И всё равно это лишь друг, пусть самый верный и добрый, который, увы, не может заменить спутника жизни. А муж... “Лев Николаевич страшно сосредоточен в своей работе, и весь мир для него не существует. А я как была всю жизнь одинока с ним, так и теперь. Я нужна ему ночью, а не днём, и это грустно, и поневоле пожалеешь о прошлогоднем милом товарище и собеседнике”. И опять — “милый товарищ и собеседник”. Это Сергей Иванович Танеев. Да, внешне он был мало интересен, всегда ровный, крайне закрытый, но собеседником был непревзойдённым! Стоило послушать его ровный, спокойный голос — и всё прояснялось, успокаивалось. Танеев сумел “отравить” Софью Андреевну музыкой, научил её любить и слушать. Она ценила его дружбу, очень любила его приходы “только для неё”: можно было просто посидеть, поговорить, содержательно провести время. Только вот ревность Льва Николаевича слегка притемняла их чистые, дружеские отношения.

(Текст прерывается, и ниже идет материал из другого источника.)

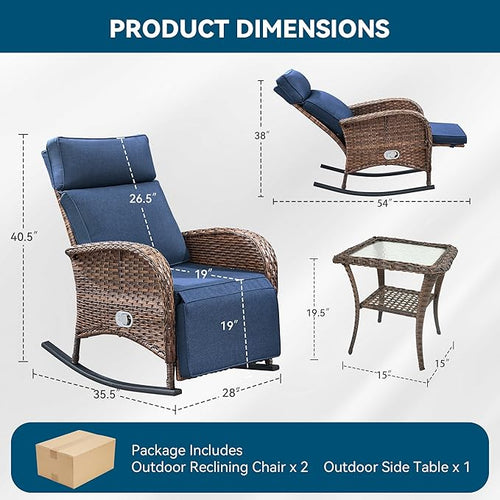 3 Pieces Zero Gravity Wicker Patio Rocking Recliner Chairs Set of 2 - Image 2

Хотя так ли уж излишне подозрительным был Лев Николаевич? Любовь — этим словом определяла сама Софья Андреевна свои отношения с Танеевым. “О, как на склоне наших дней // Нежней мы любим и суеверней...” — часто и недвусмысленно декламировала она стихи. Прекратить отношения с ним было бы для неё страданием, было бы так же невозможно, как невозможно “не смотреть, не дышать, не думать”. Никто не играл для неё так, как играл он. “Когда он доигрывал полонез, — вспоминала Софья Андреевна, — я уже не могла сдерживать свои слёзы, и так меня и трясло от внутренних рыданий”. Если Лев Николаевич вынес в эпиграф к «Сонате» евангельскую фразу о том, “что всякий, кто смотрит на женщину с вожделением, уже прелюбодействовал с нею в сердце своём”, то смогла бы Софья Андреевна повторить это о мужчинах? Вопрос праздный и, конечно, неуместный. Определённо — нет. На то не было и не могло быть никаких оснований. В период, когда не зарубцевалась ещё рана от внезапной потери любимого Ванечки, когда душевная пустота и “утраченное внутреннее равновесие” всё чаще и чаще подвигали её к размышлениям о смерти, когда все дети разъехались, а Лёвочка замкнулся на богоискательстве, Софья Андреевна только и могла “одурять” себя музыкой доброго Сергея Ивановича или поэзией милого Афанасия Афанасьевича. Из письма к сестре Т.А.Кузьминской: “Как я не анализирую себя, как строго не спрашиваю себя, ответ один: я никого не могу любить больше Лёвочки, и никогда не могла. Но если у меня отнять возможность видеть и слышать игру Танеева, то мне будет очень тяжело”.
И всё-таки, как ни была оскорбительна «Соната» для двадцатисемилетней супружеской жизни Софьи Андреевны, это не помешало ей заботливо переписывать повесть, а затем хлопотать перед самим Государем о включении её в тринадцатый том полного собрания сочинений. Как иначе могла поступить жена великого Льва? Погасив чувство личного оскорбления, переступив через обиды, она не посмела опубликовать свой ответ на «Крейцерову сонату». (В разговоре с редактором «Северного вестника» она заметила: “Эта повесть дождётся своего времени: после моей смерти”.) Это сознание ответственности перед потомками и перед Богом удерживало Софью Андреевну от публичных “ответов”, но подвигало подняться “если не вровень”, то хоть “на расстояние понимания” человека, разделившего с ней сорок восемь лет совместного бытия.